We had one similar report this year that wasn't reproducible either. It's in the archives.
Is there anything else I explicitly need to do to free the memory used?
Definitely not.
The problem does not reproduce if I reload the same document over and over again. Memory usage remains constant then. It only happens when new documents are loaded, and even then in some rare cases the problem dos not occur for some or several iterations, most notably at the start of the log.
That may simply be because it already has enough memory at the start to keep the first few documents in memory, so it just doesn't show yet. It seems to be quite visibly recurrent on your side after a few iterations. I ran the test script you sent me through valgrind (a memory analyser, amongst other things) and it came out clean: ==10062== LEAK SUMMARY: ==10062== definitely lost: 0 bytes in 0 blocks ==10062== indirectly lost: 0 bytes in 0 blocks ==10062== possibly lost: 498,566 bytes in 265 blocks ==10062== still reachable: 2,645,015 bytes in 1,709 blocks ==10062== suppressed: 0 bytes in 0 blocks I looked through the "possibly lost" blocks and they all look reasonable, none of them seems to be related to parsing.
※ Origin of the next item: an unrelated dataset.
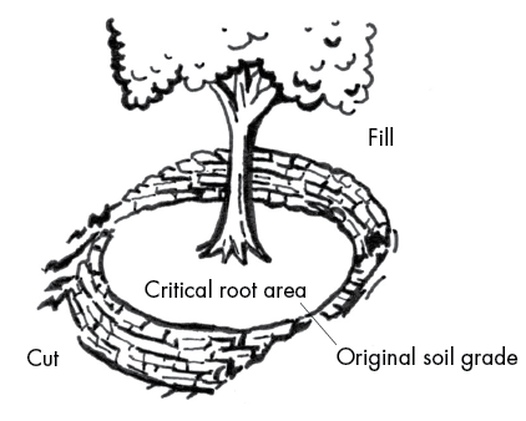 A terrace constructed around the critical root zone of a tree to maintain the original soil grade around the tree base.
Basically, they are initialisation time global memory allocations that valgrind isn't completely sure about. If you want to try it on your side, here's my command line: valgrind --tool=memcheck --leak-check=full --num-callers=30 \ --suppressions=lxmldir/valgrind-python.supp python lxml_leak.py '*.pos' You can find the valgrind support file in the lxml source distribution. Valgrind is in Debian/Ubuntu.
I also attach an example of an XML file.
It's better to put this kind of files on a web server somewhere and just provide the URL when posting to a public mailing list. Not every reader is interested.
Python 2.7.2 (ubuntu 11.10, x86_64) lxml.etree : (2, 3, 0, 0) libxml used : (2, 7, 8) libxml compiled : (2, 7, 8) libxslt used : (1, 1, 26) libxslt compiled : (1, 1, 26)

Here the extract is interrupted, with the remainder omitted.